À Rangueil, un dosage des stérols végétaux et la génétique ont permis de diagnostiquer une sitostérolémie chez une patiente suivie depuis l’enfance.

Illustration - Stérols végétaux et diagnostic toulousain

À l’hôpital Rangueil, un diagnostic posé dans l’enfance vient d’être renversé plus de cinquante ans plus tard. Une patiente de 61 ans, considérée jusque-là comme atteinte d’une forme homozygote d’hypercholestérolémie familiale, souffrait en réalité de sitostérolémie, une maladie génétique rare qui peut lui ressembler presque trait pour trait. Le cas, publié en avril par une équipe notamment rattachée au CHU de Toulouse et remis en avant le 20 août par l’hôpital, montre surtout comment une analyse spécialisée permet de sortir d’un diagnostic devenu trompeur.

Les deux maladies peuvent produire un cholestérol très élevé, des dépôts graisseux dans les tendons et un risque cardiovasculaire précoce. Mais plusieurs éléments ne collaient plus chez cette patiente. Ses parents n’avaient pas d’hypercholestérolémie marquée, les principaux gènes associés à l’hypercholestérolémie familiale n’avaient révélé aucun variant pathogène et l’ézétimibe avait eu une efficacité inhabituelle. Des anomalies des plaquettes ajoutaient un autre indice. Ces signes font précisément partie de ceux qui peuvent conduire à rechercher une sitostérolémie.

L’étape décisive consiste alors à ne plus mesurer seulement le cholestérol.

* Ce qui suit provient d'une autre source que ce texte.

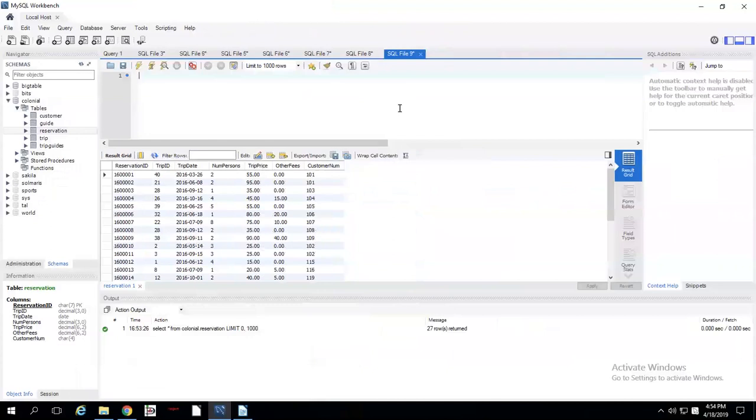So for today's C1B1T1, I'm going to show you how to create an index on a particular field in a particular table. And why would you want to do this? Well, let's say you just have tons of data.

La sitostérolémie perturbe les protéines ABCG5 ou ABCG8, chargées de contribuer à l’élimination des stérols végétaux absorbés par l’organisme. Chez la patiente toulousaine, le sitostérol sanguin atteignait 465 µmol/L, contre une limite de contrôle de 8 µmol/L dans la publication. Deux variants pathogènes d’ABCG5 ont ensuite confirmé le diagnostic. Le protocole national publié en janvier 2026 retient lui aussi le dosage des phytostérols, complété par la recherche de variants d’ABCG5 ou ABCG8, pour distinguer cette maladie d’une hypercholestérolémie familiale homozygote.

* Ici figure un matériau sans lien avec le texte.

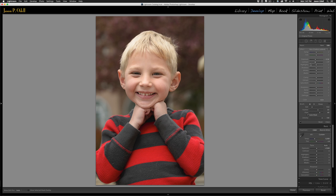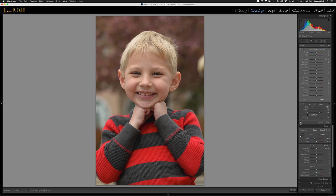This does not require any fancy cloning — you can do it all in Lightroom or Camera Raw. Let's look at the difference by toggling before and after. Here is the before image, and here is the after. Even though this was a perfectly good out-of-camera shot, you get that subtle improvement that really draws your eye to the subject.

Toulouse dispose précisément de cette capacité. Dans une page publiée le 20 août, le CHU indique que sa plateforme biologique réalise couramment ce dosage. Il précise que les CHU de Dijon et de la Pitié-Salpêtrière disposent également de cette capacité en France. Orphanet référence par ailleurs le laboratoire de biochimie toulousain pour le diagnostic de la sitostérolémie par analyses biochimiques et génétiques sur ABCG5 et ABCG8. Cette compétence s’inscrit dans une spécialisation ancienne : Rangueil possède une équipe consacrée aux dyslipidémies rares depuis 1982 et est centre de compétence CEDRA depuis 2023.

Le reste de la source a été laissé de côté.